The Return of Pagan Gods and Rituals

During the Renaissance, the attempt was made in Western Europe to recover the art, philosophy, political doctrine, and military techniques of antiquity. But there is one aspect of antiquity that the Renaissance did not recover: Paganism. The Gods and rituals of the Ancient Greeks and Romans were not only ignored but also criticized and ridiculed.

Culture is a package deal. A civilization does not get to pick up one set of values from the past while ignoring other values. When a civilization accepts the art, philosophy, political doctrine, and military techniques of antiquity, then it has to accept antiquity’s religion too. 

Thomas Aquinas, and the scholastics who followed him, tried to obviate the need for pagan religion by attempting to reconcile Christianity with the philosophy of antiquity, especially the Platonic and Aristotelian tradition. Their project did not succeed because Christianity is a theological and monotheistic—its tenets cannot be reconciled with the ideas developed in the polytheistic world of antiquity. 

In the Age of Imperialism, which followed the Renaissance, there was a rupture between the Papal establishment and the imperialist powers, who were motivated by the Greek and Roman tradition of warfare, genocide, brutality, plunder, and the mass enslavement of vanquished people.

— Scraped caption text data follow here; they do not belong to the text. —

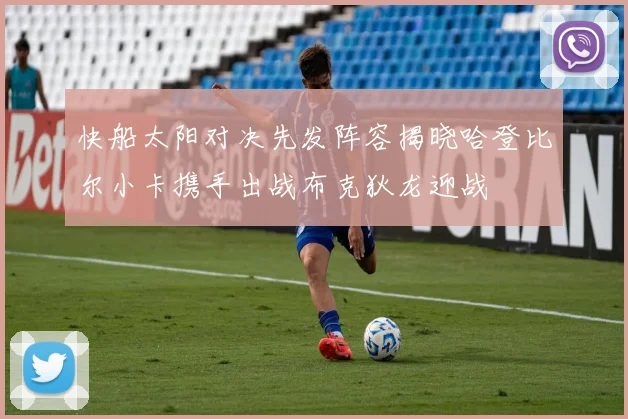 快船太阳对决先发阵容揭晓哈登比尔小卡携手出战布克狄龙迎战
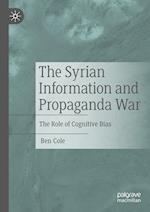 The Syrian Information and Propaganda War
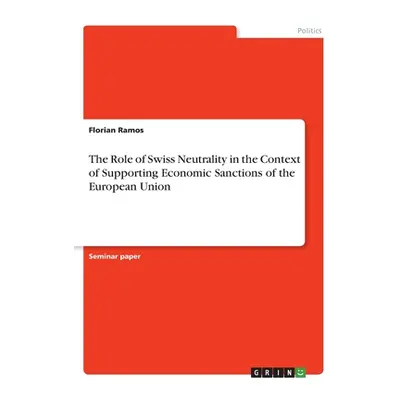 "The Role of Swiss Neutrality in the Context of Supporting Economic Sanctions of the European Un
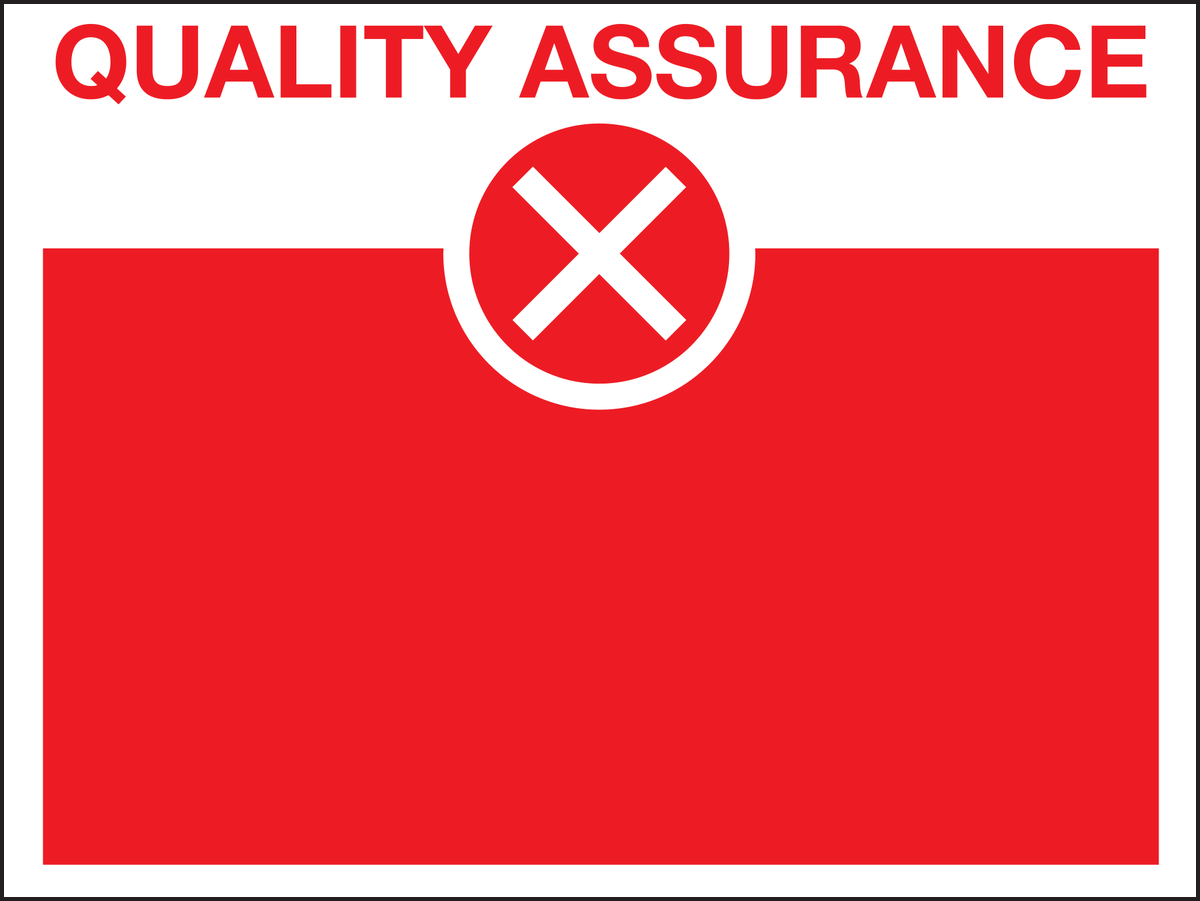 Red blank sign - Quality control sign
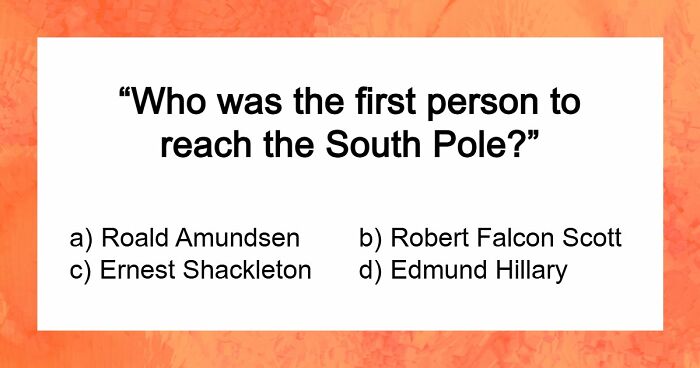 “How Far Can You Get?”: 18 General Knowledge Questions That Go From Easy To Hard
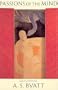 Passions Of The Mind - Selected Writings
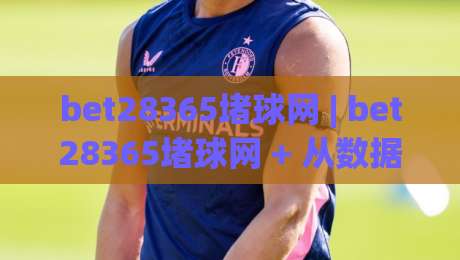 bet28365堵球网 | bet28365堵球网 + 从数据视角看体育社区如何重塑观赛体验 | bet28365堵球网-线上十大最稳买球网赔率升盘在线看评级时间推荐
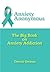 Anxiety Anonymous: The Big ...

The preachers who went to the Americas were appalled by the savagery with which the European imperialists were dealing with the indigenous population and the African slaves. Bishops and monks wrote letters and books in which they condemned the atrocities that were being committed in the Americas. Some of these religious chroniclers warned the Europeans that divinity would not forgive them for the crimes that they were committing in the Americas. 

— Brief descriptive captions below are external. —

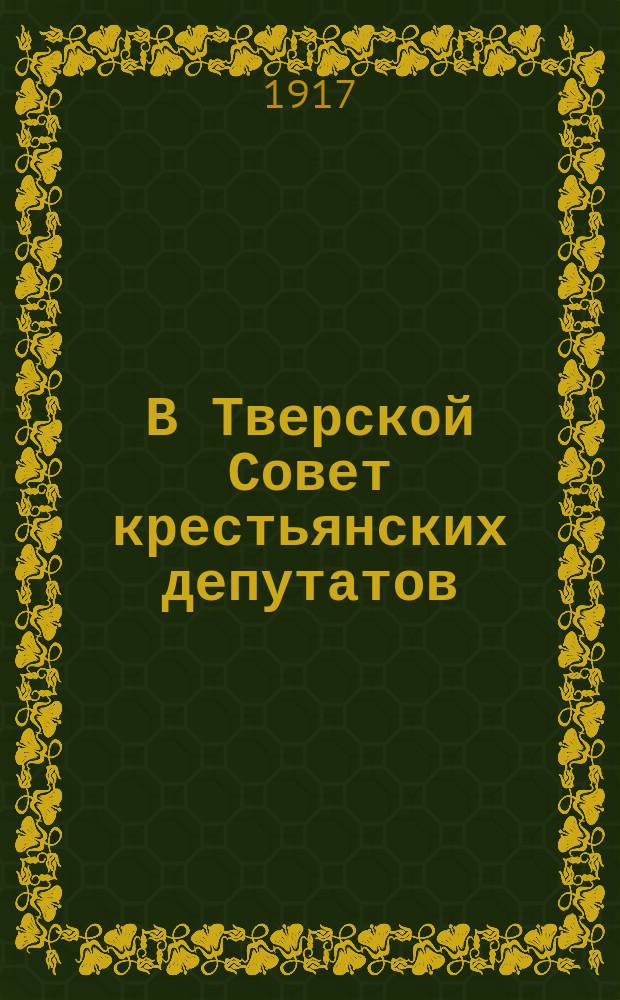 В Тверской Совет крестьянских депутатов : листовка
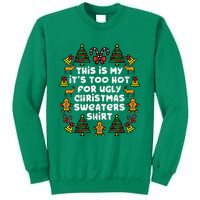 Too Hot Ugly Christmas Sweaters Funny Xmas Sweatshirt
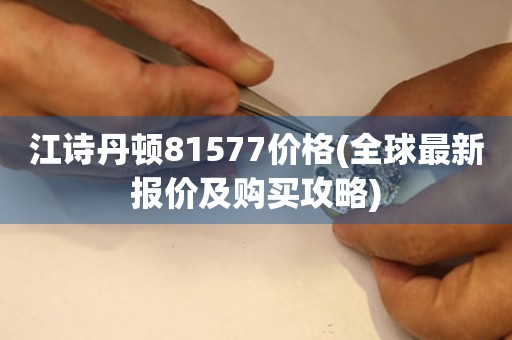 江诗丹顿81577价格(全球最新报价及购买攻略)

In the eighteenth century, Ancient Greek and Roman thought became influential in Western Europe—the time was ripe for rejection of spirituality. During the Age of Enlightenment, influential philosophers preached materialism and utopianism. The Jacobins led by Robespierre tried to put the Enlightenment ideas in practice during the French Revolution, which can be seen as Europe’s first attempt to build a utopia.

The utopian empire of the French Revolution was short-lived. It was wiped out during Napoleon’s counterrevolution. In the nineteenth century, new political movements, inspired by utopian ideologies, emerged in different parts of Europe. In the twentieth century, the West became a battleground of utopian ideologies. The clash between the utopian ideologies led to the First and the Second World wars, and a series of other wars, which sapped the West of its strength. 

In the twenty-first century, the West has lost its political, economic, and military power. The most critical thing that the West has lost is prestige and self-confidence. The Western civilization is declining. The old Gods and rituals often make a comeback when a civilization is declining. Paganism could make a comeback in the West.